Il est des expositions si bienfaisantes au moral, en ces temps de fureur et de sang, qu’elles devraient être prescrites par les médecins. Celle d’Élie-Philippe Schehadé en est une. À peine franchit-on le seuil de l’espace en béton brut de Naïla Kettaneh-Kunigk à Mar Mikhaël que l’on est happé par l’éclatante luminosité des grandes peintures à l’acrylique qu’il présente sous l’intitulé « Mare Nostrum ». Ce bleu turquoise qui envahit l’ensemble des toiles, traversé de blanc, d’ocre et de rose, vous emporte illico sur les rivages euphoriques des impressions de vacances.
Et pour cause, c’est un certain bonheur de vivre sur fond d’horizon marin que met en scène ce peintre au regard malicieux, dont le pinceau joue allègrement, au moyen des personnages qu’il représente entre style naïf et silhouettes de bédé, le narrateur de fragments de vies insouciantes en bord de mer.
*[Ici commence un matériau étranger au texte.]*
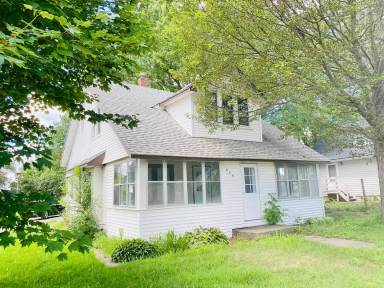 Main picture of 240 3rd Ave NW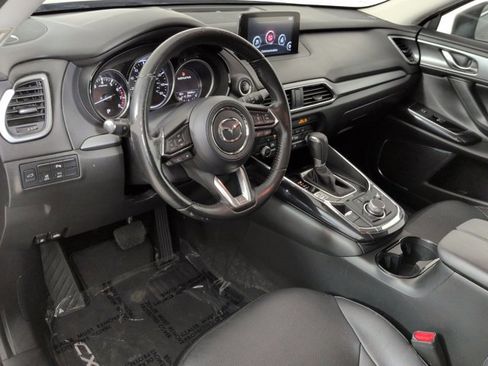 Used 2019 MAZDA CX-9 Touring w/ Touring Premium Package image 4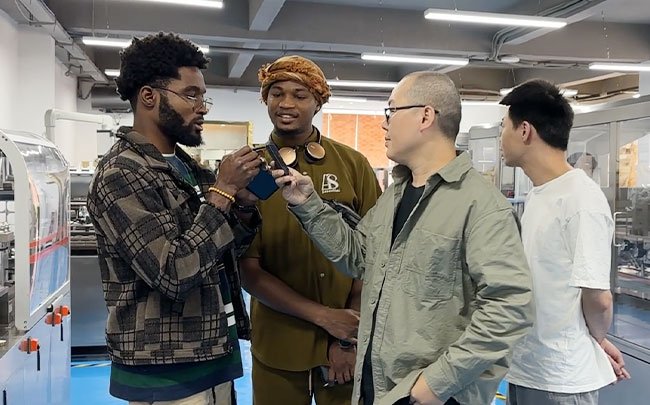 Rich Packing bietet kamerunischen Kunden eine umfassende Schulung zur Blisterverpackungsmaschine DPP-180Pro an.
D’un crawl en pleins flots à une virée de potes en voilier, en passant par une discussion de baigneurs, un savoureux moment de drague sur la plage, des jeux d’adolescents dans les vagues ou encore des scènes de pêche au large de Beyrouth… Cette nouvelle série de tableaux d’Élie-Philippe Schehadé offre une rafraîchissante plongée dans un univers aux plaisirs simples et à la palette de couleurs radieuses.
Les modernes vs les anciens
Un virage à 180 degrés pour cet artiste resté jusque-là attaché à une peinture académique dans la lignée des grandes œuvres classiques. Et qui, dans cette cuvée 2024, a partiellement abandonné ses paysages à l’ancienne, ses peintures baroques de vestiges historiques et ses grandes marines à l’aquarelle, pour aller vers une approche bien plus épurée et contemporaine des formes, des paysages et des personnages.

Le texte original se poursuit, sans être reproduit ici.